México vivirá a mediados de 2018 tiempos decisivos que, según sea el resultado de la contienda, incidirá en la vida de todos: elegiremos Presidente de la República, Diputados y Senadores. En Chihuahua...

En Chihuahua, renovaremos o reelegiremos diputados locales, presidentes municipales y síndicos. Sin embargo, debido a lo anterior, la mayoría nos encontramos distraídos respecto a temas que son fundamentales para mejorar o empeorar –según sea el caso- nuestra democracia y, por consecuencia, la situación política y gubernamental de nuestro país. En este mes de diciembre, a más de 6 meses de la elección presidencial, los diputados federales deberán elegir entre renovar el periodo del actual Auditor Superior de la Federación, el C.P.C. Juan Manuel Portal Martínez, o elegir a otro aspirante para ocupar tan importante cargo que representa una parte toral del Sistema Nacional Anticorrupción. Este hecho, que no tarda en suceder, dejaría de ser tan importante si no nos encontráramos en el lugar 111 de 167 del índice de percepción de la corrupción emitido por Transparencia Internacional, así como otras mediciones que nos dejan mal parados en este penoso tema, o bien, si no tuviésemos muestras tan claras y vergonzosas como la enorme cantidad de ex gobernadores acusados de presuntos –o muy claros- actos de corrupción durante sus gestiones.

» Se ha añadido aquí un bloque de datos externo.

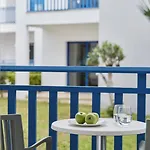Atlantica Callisto 4*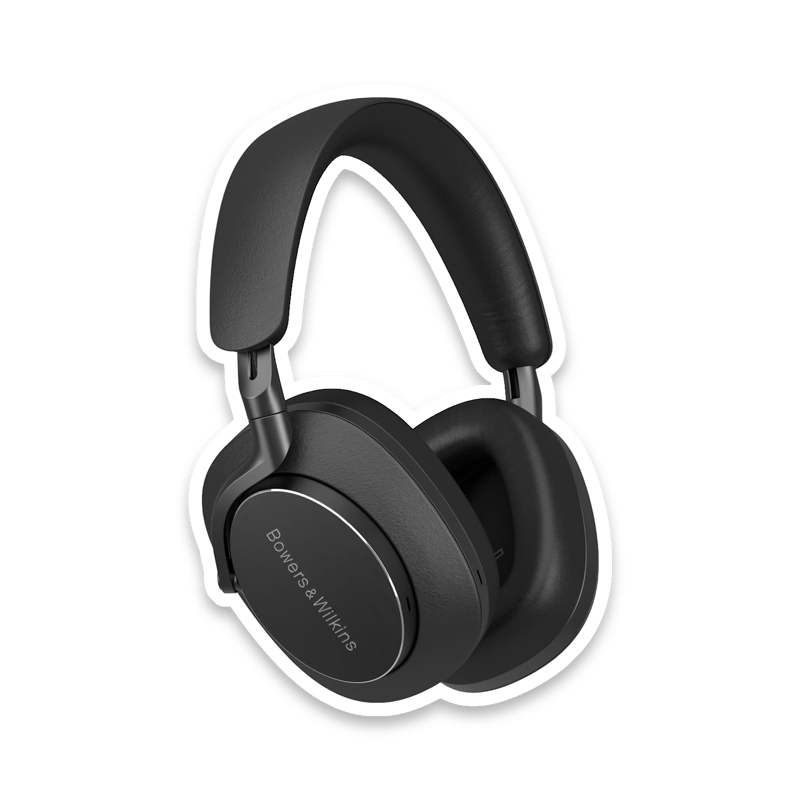 Bowers & Wilkins Px8 Wireless Noise Cancelling Headphones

La Auditoría Superior de la Federación, así como los Organismos de Fiscalización Superior de las Entidades Federativas, juegan un papel fundamental en la democracia del país y de cada Estado: son las entidades garantes de la rendición de cuentas de todo aquel funcionario que maneje, recaude o administre fondos públicos. Sin estas, a pesar de sus limitaciones legales y políticas, el combate a la corrupción sería prácticamente inexistente.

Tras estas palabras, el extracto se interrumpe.